Lanthimos relies on long master shots less frequently than Alfredson, but the above image of Son (Hristos Passalis) staring aimlessly at the lush hedges conveys Dogtooth’s absurdist treatment of protracted adolescence. Dressed in all white, Son stands out against the striking triple-tier of green, his feet disappearing into shadow. Like Oskar, he’s frozen by an internal desire to push beyond the mental borders his parents have created.3. Beheaded Bodies
Partially seen bodies are elemental to Let the Right One In’s sense of alienation, and this early image of two children fighting is essential to that thesis. The abstract framing conveys primitive, dehumanized brutality, showing two faceless ruffians locked in combat, like a grade school version of American Gladiator.
Lanthimos crops bodies during many extended sequences, and here he omits both the head and feet of Older Daughter and Christina (Anna Kalaitzidou), a woman Father brings in to sexually satisfy Son. As a result, the viewer must delineate character motivation entirely from spoken dialogue. It shows how characters in Dogtooth are incomplete, underdeveloped man-children, the framing consistently suggesting an abnormal, suffocating reality.4. Bloodied Faces
In this shot, Eli begins to bleed profusely when Oskar challenges her to enter his home without an invitation. Not only does the harrowing scene convince Oskar of Eli’s vampire affliction, it paints an image of her bloodied and aged soul yearning for companionship (and escape). Alfredson confirms this idea by flashing to an older woman’s face before returning to that of the child.

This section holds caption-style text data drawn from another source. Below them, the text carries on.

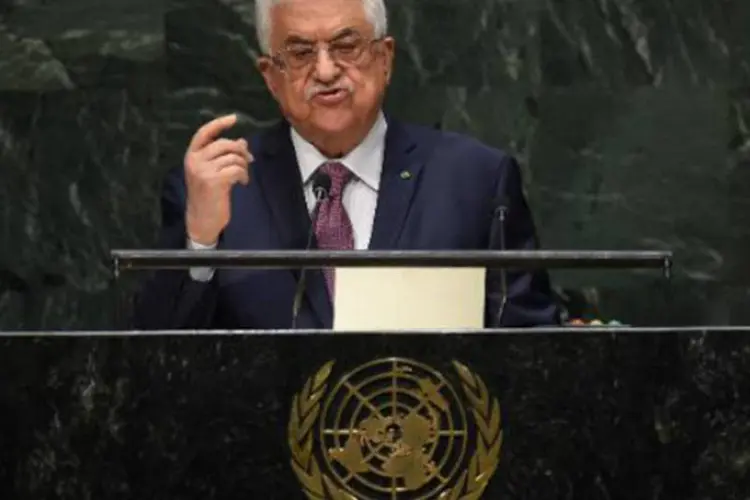 
	Mahmoud Abbas: o l&iacute;der palestino tachou de &quot;terroristas&quot; as a&ccedil;&otilde;es dos colonos hebreus, &quot;que matam quase diariamente os jovens palestinos&quot;
 (AFP)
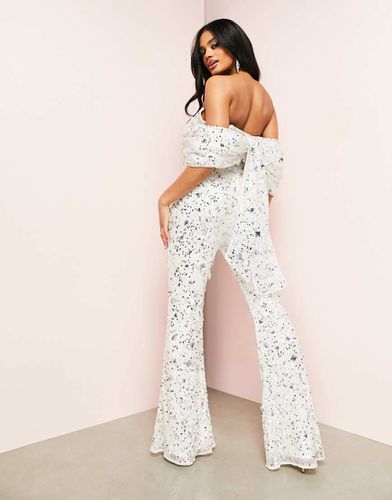 Tuta jumpsuit bianca decorata con scollo alla Bardot con fiocco - ASOS Luxe - Modalova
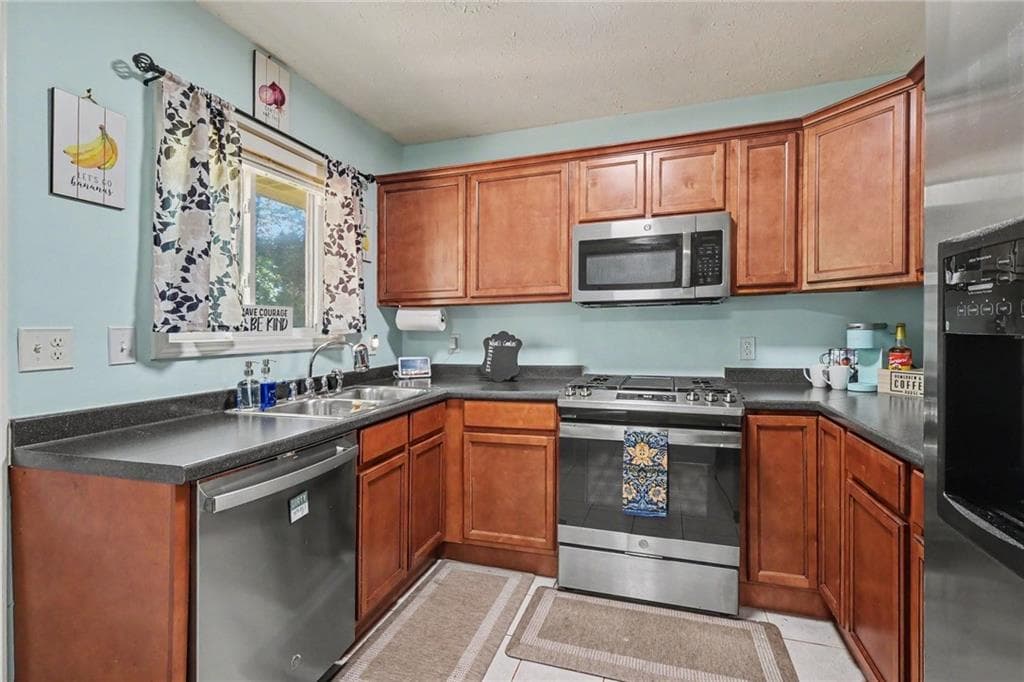 2 bedroom, 2 bathroom, 1,014 sq ft single family residence for sale at 1764 Hollyhock Terrace, Decatur, GA 30032 — photo 4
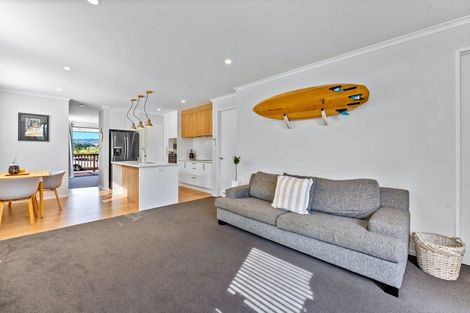 Photo of property in 24 Ahunga Road, Karaka, Papakura, 2113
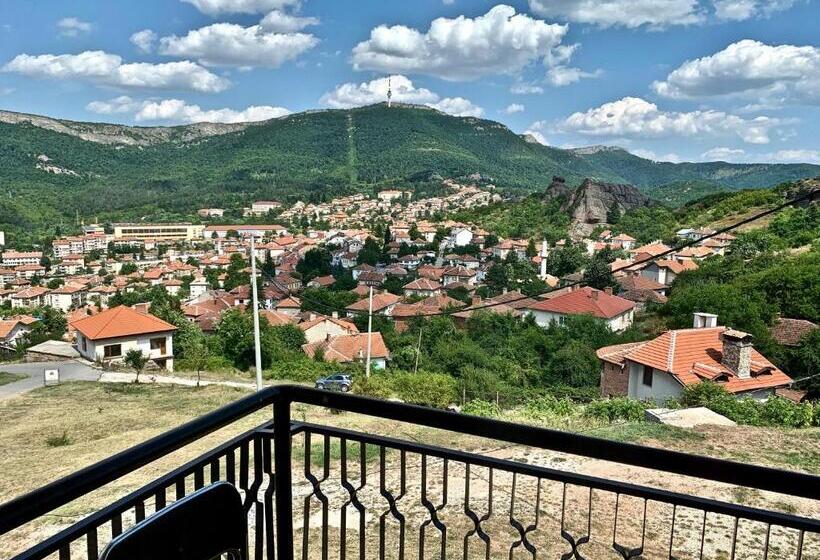 غرفة قياسية ثلاثية, Fort O Bel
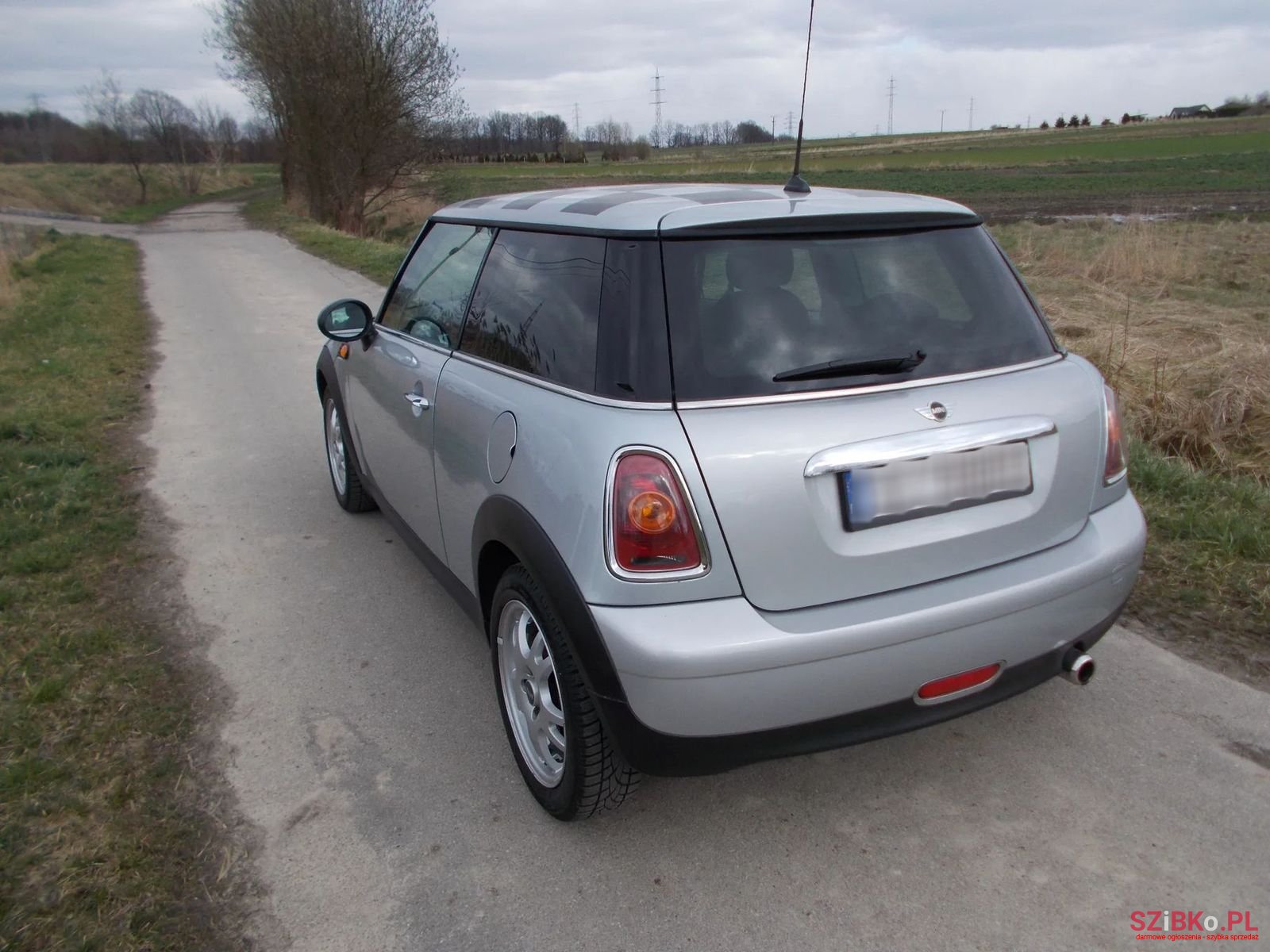 2009' MINI One photo #4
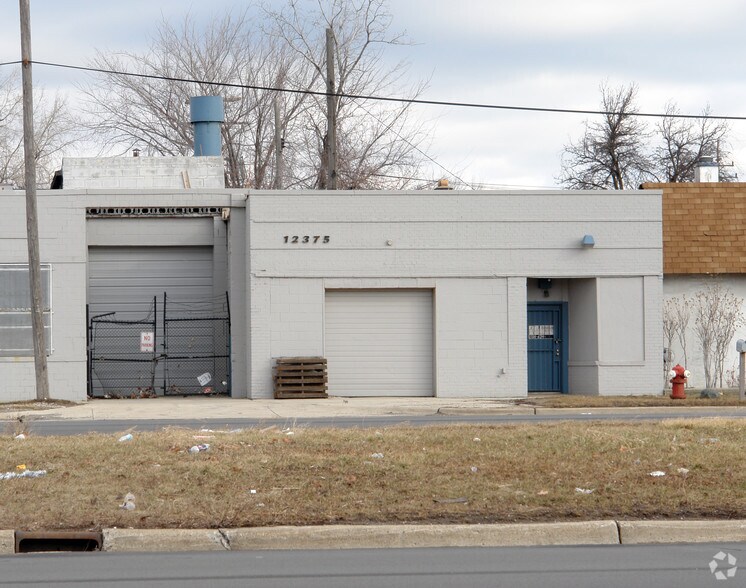 12375 E Eight Mile Rd, Warren, MI à vendre - Photo du bâtiment - Image 2 de 3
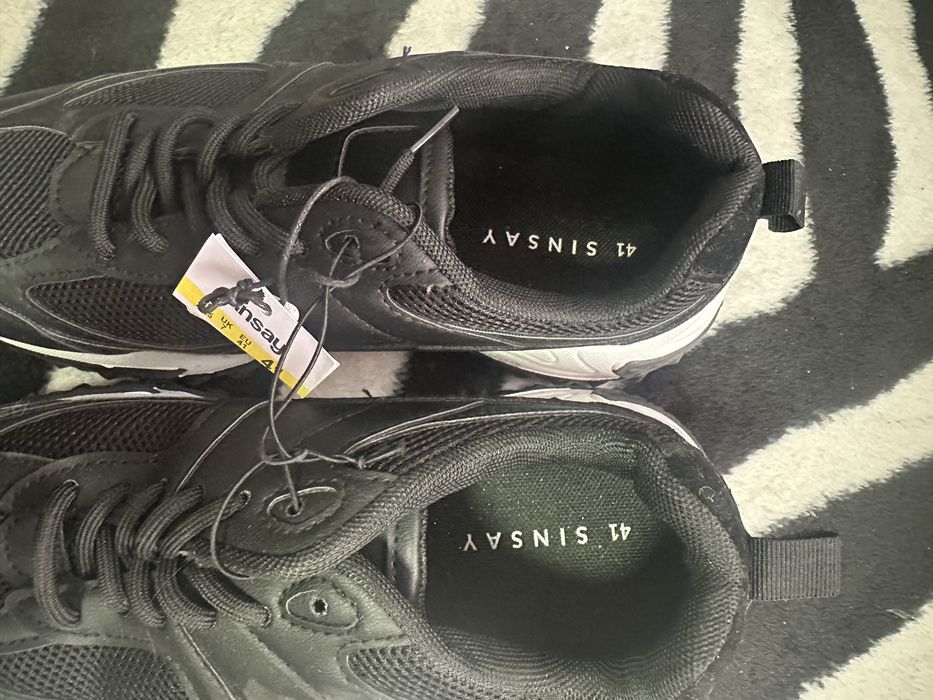 Нови маратонки 41ви номер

Not an ounce of romanticism can be found in Dogtooth’s use of the bloodied face. To justify the sudden appearance of a cat in their yard, Father cuts his clothing and smears fake blood all over his body, villainizing the feline through visual shock and awe. This event becomes an ideological tipping point for Older Daughter, as she begins to quietly question the dogma Father has firmly ingrained in her subconscious.5. Destruction of Youth
When Eli decimates the three bullies drowning Oskar in the pool, Alfredson once again returns to the long shot, and silence and stillness allow the pockets of color to resonate. The destruction of youth, all mangled bodies and pools of blood, is perfectly counterbalanced by the calmness of the frame.
Father has prophesized that the only way his children can leave the compound is if their special “dogtooth” falls out. In this sequence, Oldest Daughter takes him at his word, shattering her jaw with a dumbbell and splattering the mirror with blood. It’s a symbolic destruction of her youth, represented by that toothless grin, but the instinctual act is far more important than the twisted reasoning behind it.6. Evolution?
The endings of both films share one question: Will these abnormal experiences of adolescence continue or evolve? As Oskar taps quietly on the cardboard box housing the dormant Eli, communicating through the Morse code they perfected together, this question remains unanswered. Still, the poetry and grace of the above shot provides a clue to Alfredson’s true intent: Companionship and escape are enough to signify a shared evolution, a step forward.
The motif of containment and transportation continues in the final shot of Dogtooth, in which Older Sister escapes the compound by hiding in the trunk of Father’s car. Unlike Let the Right One In, there’s no tender reference to the woman within the confined compartment, no excitement over her achieved freedom. Instead, we watch as one lifeless vehicle carries a potential monster into the world beyond, an event that could expand Father’s warped doctrine instead of erasing it from memory. Cats beware.